Kurz vor dem Anpfiff umarmt er Magdeburgs Trainer Bennet Wiegert, begrüsst die Schiedsrichter und nimmt seinen Platz am Ende der Bank ein. Hände hinter dem Rücken, Blick aufs Feld.
Dann beginnt das Spiel.
Kriens startet mutig, spielt früh Sieben gegen Sechs, doch Magdeburg bestraft die offenen Räume konsequent. Nach elf Minuten steht es 5:9.
Schmid sucht immer wieder den direkten Austausch mit seinen Rückraumspielern und seinem Abwehrchef. Kurze Inputs, klare Gesten, wenig Inszenierung. Beim Stand von 7:12 nimmt er sein erstes Team-Timeout, verschiebt Magnete auf der Taktiktafel und gibt neue Anweisungen. Doch offensiv findet Kriens kaum Lösungen. Gerade dort, wo Schmid als Spieler jahrelang seine Meisterklasse gezeigt hat, beisst sich sein Team an diesem Abend an der Magdeburger Abwehr und am Torhüter fest.
Zur Pause steht es 11:20.
Auch in der zweiten Halbzeit bleibt das Bild ähnlich. Schmid korrigiert, fordert und nimmt Spieler zur Seite. Oft steht er mit den Händen in der Hüfte abgestützt an der Seitenlinie, ohne aktiv Einfluss aufs Spielgeschehen nehmen zu können. Drei Minuten vor Schluss schickt er noch ein junges Talent aufs Feld, das nach zwei gehaltenen Versuchen mit dem dritten Abschluss trifft.
Dann ist Schluss.
29:39.
3’899 Zuschauerinnen und Zuschauer sehen an diesem Abend keine Sensation. Sie sehen einen Gegner, der klar weiter ist und Fehler auf diesem Niveau konsequent bestraft.
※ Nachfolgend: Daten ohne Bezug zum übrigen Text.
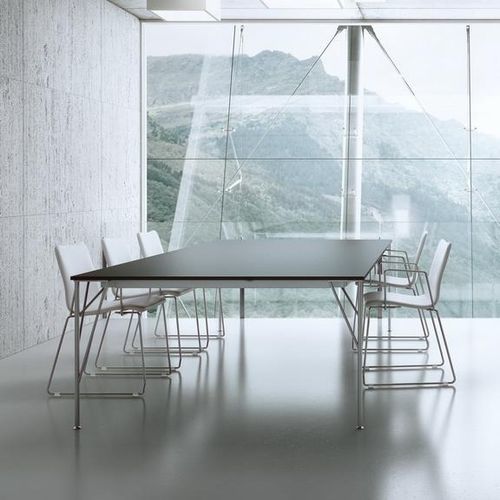 Tavolo da riunione contemporaneo - Feel - Arlex - in legno / con supporto in metallo / rettangolare
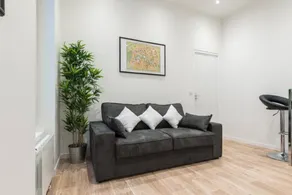 Central Paris Apt Ground Floor + Free Parking - Image 2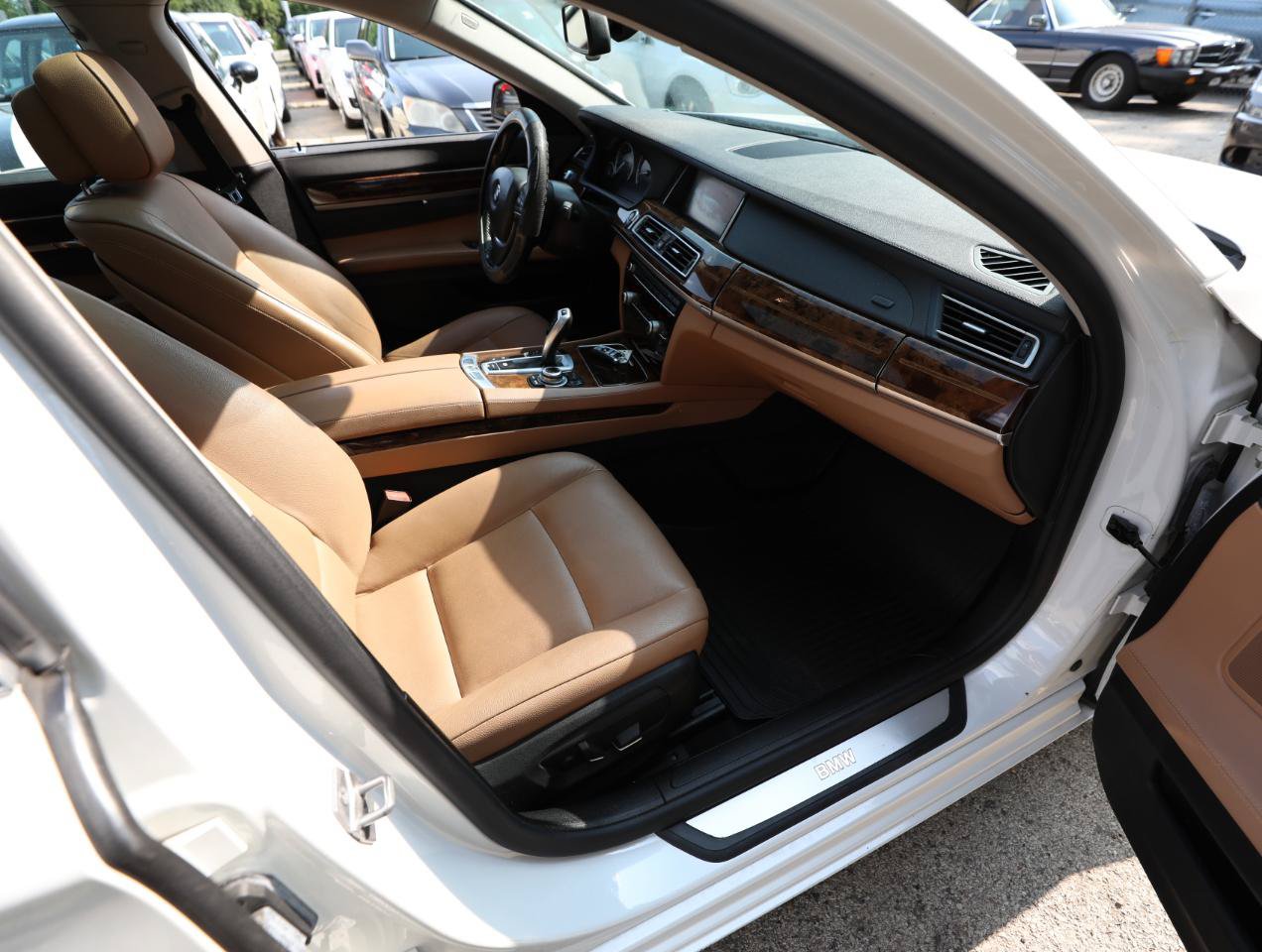 Used 2013 BMW 740Li xDrive AWD/4WD image 13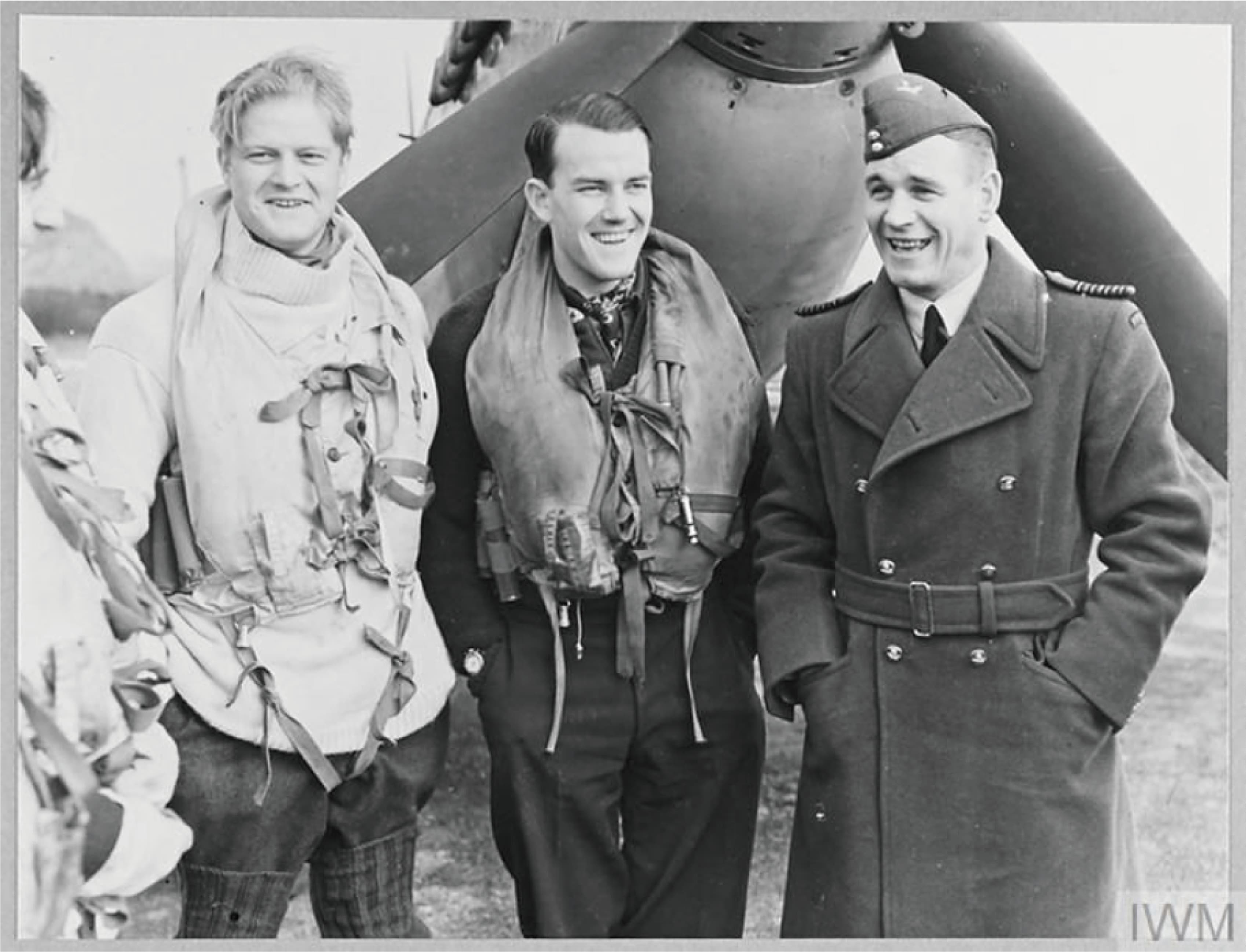 SCARVES FOR MEN image 1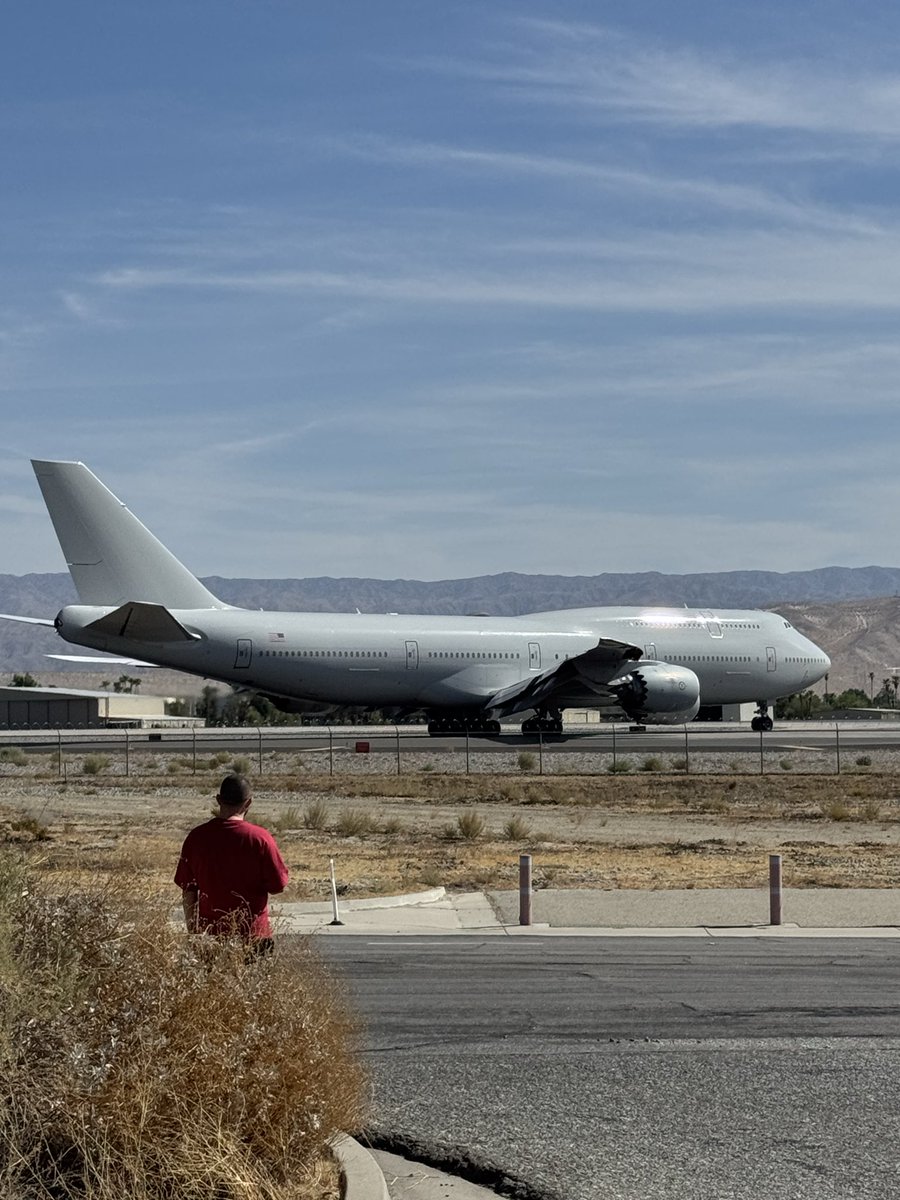 JohnBarrowman's tweet photo. Anyone know this aircraft? No tail number. Flew in from Andrews Airfiorce Base yesterday to Palm Springs. Could it be one of the delayed Airforce Ones undergoing testing? There were two Blackhawk Helicopters ready to take off also. https://t.co/oHhfmzTiiX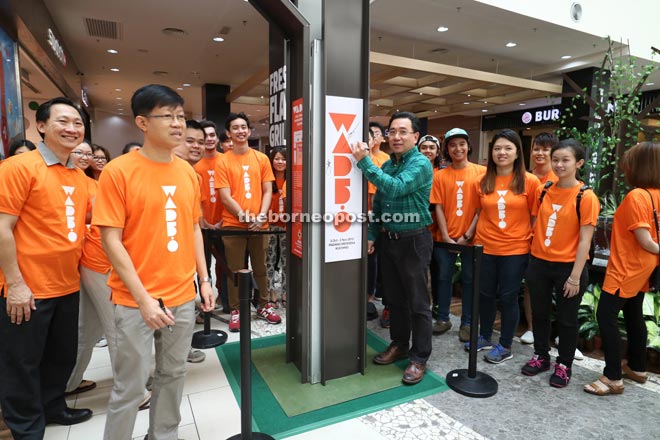 AMCAN managing director Lim San Hock (centre) signs a plaque to launch the installation at Plaza Merdeka yesterday.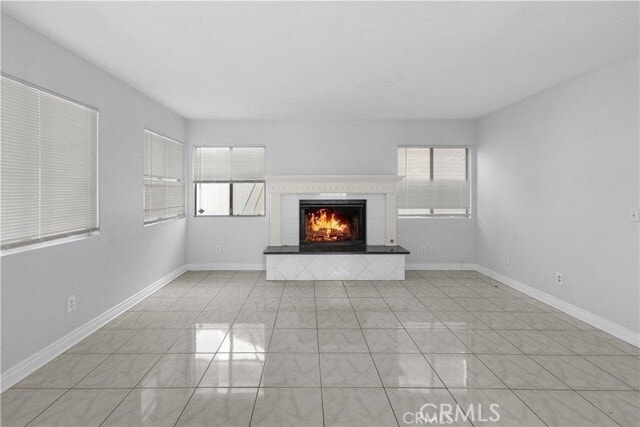 Building Photo - 10694 Independence Ct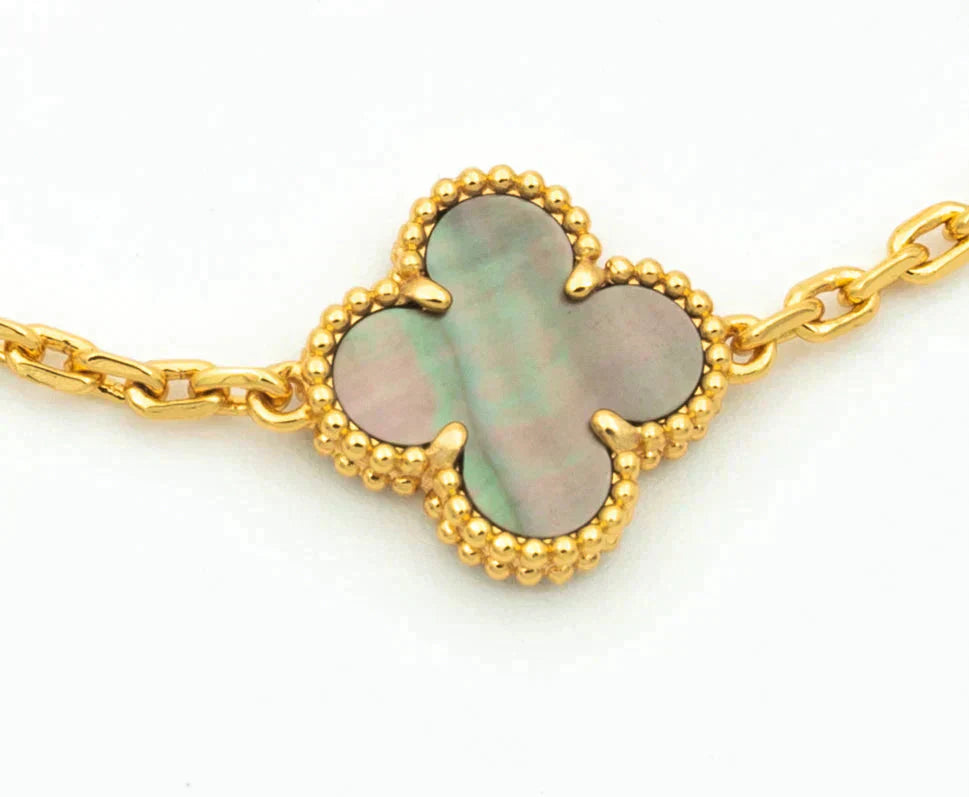 [Marins] CLOVER 5 MOTIF GRAY MOP BRACELET COLLECTION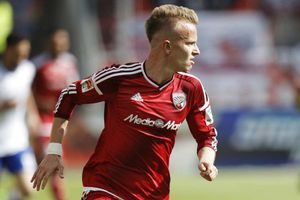 Huddersfield bring in Switzerland defender Hadergjonaj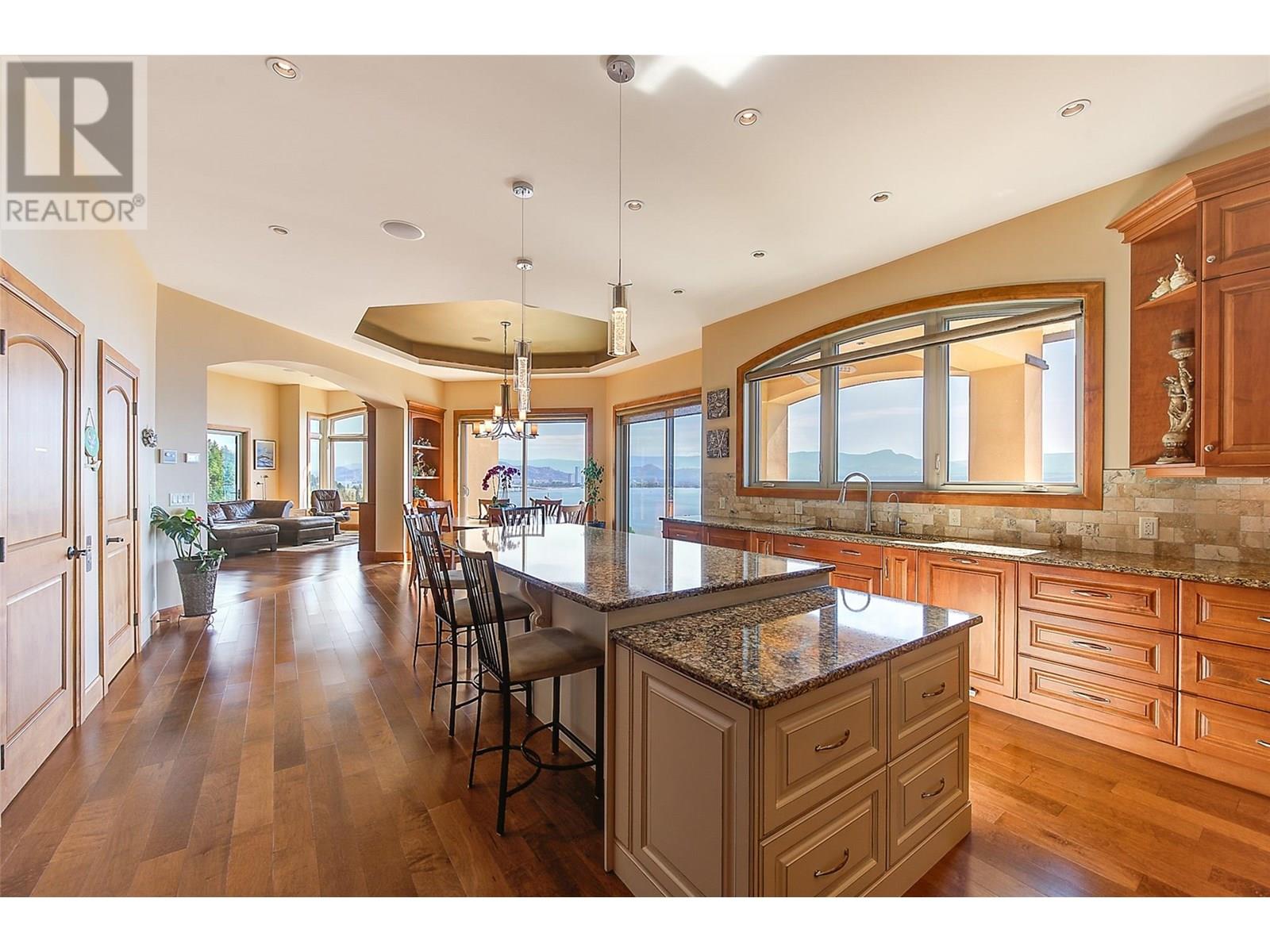  2513 Casa Palmero Drive, West Kelowna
Sie erleben gleichzeitig eine Arena, die Champions-League-Handball tragen kann, einen Fanclub, der auch bei deutlichem Rückstand weitermacht, eine Champions-League-würdige Pre-Game-Show und ein Publikum, das bis zum Ende dabei bleibt. Die zehn Tore Differenz gehören deshalb genauso zur Geschichte wie die 3’899 Menschen auf den Rängen.
Denn ein Spark bedeutet nicht, dass das Feuer bereits brennt.
Die Schweizer Spuren in Nantes, Szeged, Gudme oder Melsungen, ein Schweizer Club zurück in der Champions League, junge Spieler auf dieser Bühne und Abende wie dieser in Luzern sind einzelne Funken. Sie zeigen, wo Entwicklung stattfindet und was bereits möglich geworden ist. Damit daraus mehr entsteht, braucht es Wiederholung, Kontinuität und Zeit. Weitere internationale Spiele, weitere volle Sektoren, weitere Spieler, die den nächsten Schritt machen, weitere Clubs, die wachsen, und Geschichten, die über die bestehende Handball-Community hinausreichen.
Um 22.11 Uhr verlässt Andy Schmid die Arena. Magdeburg hat an diesem Abend deutlich gezeigt, wie hoch die Messlatte liegt.
Das Feuer brennt noch nicht.
Aber die Funken sind da.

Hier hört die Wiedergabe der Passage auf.